Jim Hahn opened his press conference at noon with a smile and a quip—"now the fun begins." A cursory look at yesterday's results, however, shows the challenge the mayor faces. Three voters in four sized up his term in office and voted against giving Hahn another. Even though eight members of the city council endorsed Hahn, he won just a single district: his own in San Pedro (and with only 50.9% of the votes.) Antonio Villaraigosa won eight districts, including five where the incumbents—Ed Reyes, Tom LaBonge, Jan Perry, Cindy Miscikowski and Eric Garcetti—had endorsed Hahn. Bob Hertzberg won four districts, including the one represented by Villaraigosa backer Jack Weiss.
Another way to look at it: Hahn managed to finish second in six districts, but in seven districts the incumbent mayor came in third. In the areas with the most black voters, where he won in 2001, it's worse. Hahn came in fourth in Bernard Parks' 8th district and third in the adjacent 10th. Parks won both strongly, but only finished as high as second in one other. And: Remember Walter Moore, the Republican candidate who got little attention? He out-polled Richard Alarcon in five council districts, and only finished 3,156 votes behind Alarcon citywide.
The Center for the Study of Los Angeles at Loyola Marymount University did an exit poll yesterday. It overestimated Villaraigosa's total and had Hertzberg beating Hahn. That's why they count the votes.
Hertzberg says he won't make a decision on an endorsement for at least a couple of days. Asked at his press conference why he had never hugged Hahn, Hertzberg quipped that the mayor is just "not a very huggable guy." He also showed off what his new slogan and website were going to be if he had made the runoff: BigIdeasforLA.com.
Villaraigosa this morning went into the heart of Hertzberg territory, Sherman Oaks, to shake hands with voters. Jack Weiss was at his side. Villaraigosa finished behind Hertzberg and Hahn in the 5th district, which extends from the Westside across the hills to Ventura Boulevard.
Villaraigosa campaign manager Ace Smith showed up outside the Hahn press conference to put on pressure and urge reporters to ask tough questions about the pay-to-play investigations.

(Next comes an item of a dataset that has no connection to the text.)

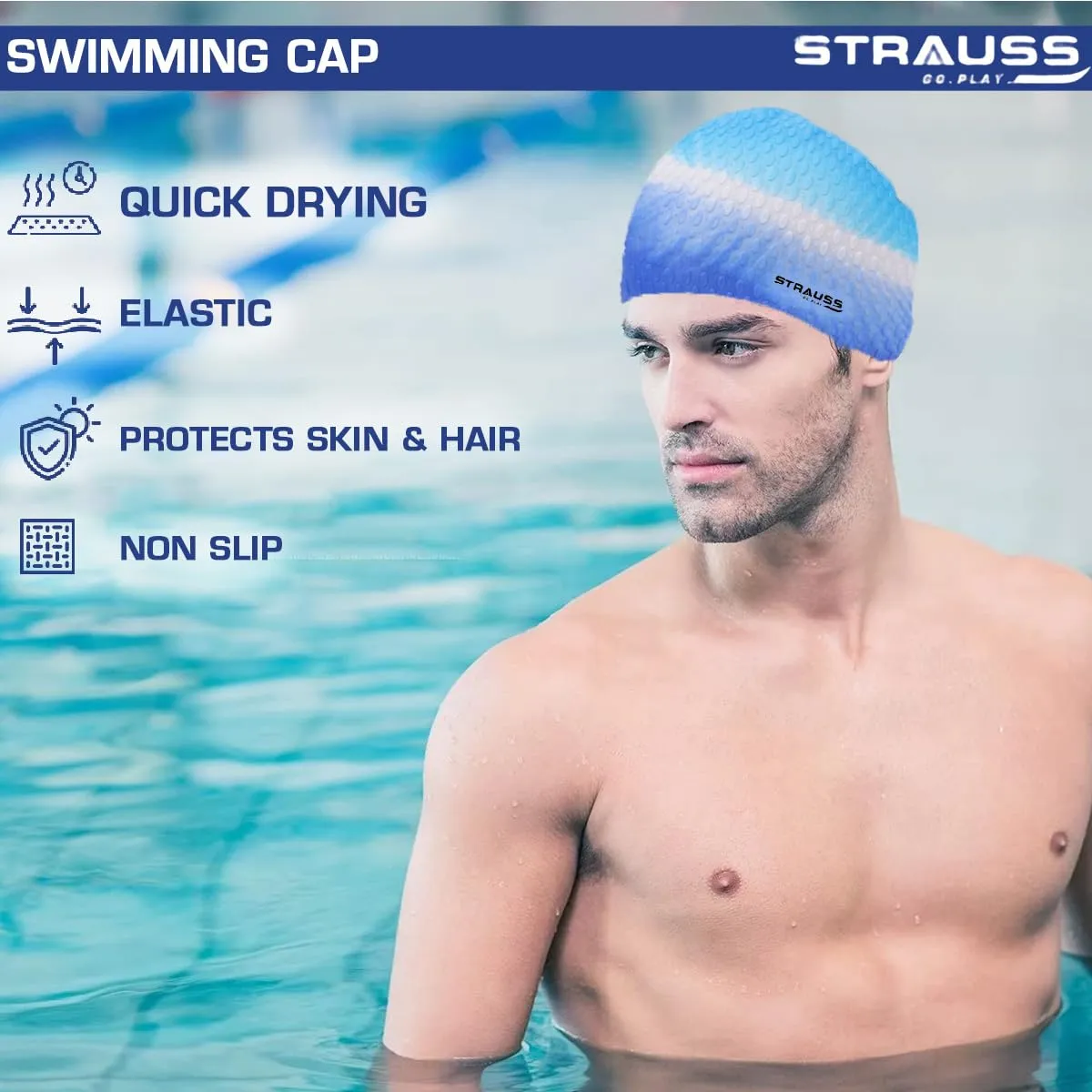 Strauss Latest Designed Swimming Cap |Keeps Hair Clean with Ear Protector|Suitable for Long and Short Hair|Swimming Head Cap with Breathable Fabric|Waterproof Swim Cap for Adult, Woman and Men,(Blue)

Joel Kotkin writes on the New Republic website today that Hertzberg's failure to get in the runoff is an ominous sign for the L.A. middle class: "Middle-class residents here may no longer have large enough ranks to elect one of their own to citywide office....Major cities are continuing to lose middle-class residents as they flock either to the surrounding suburbs or to less congested, more affordable, and more business-friendly smaller cities, particularly in places like Nevada, Arizona, Texas, and Florida....This occurred in late imperial Rome, in seventeenth-century Venice, in eighteenth-century Amsterdam--and has become a common prelude to urban disaster in American cities during the past half-century." Kotkin's book The City: A Global History is due out from Modern Library in April.
Earl Ofari Hutchinson writes that blacks face a difficult choice between longtime friend Hahn and new friend Villaraigosa: "The choice that African Americans make will tell much about the fate of multi-ethnic political alliances in Los Angeles, California and nationally."
Elena Stern, Villaraigosa's former communications director, is leaving Burson Marsteller PR to be Vice President, Government & Media Relations at Para Los Niños downtown. She follows Alan Arkatov out the door.
Hahn's campaign says a "significant endorsement" will be announced Thursday afternoon.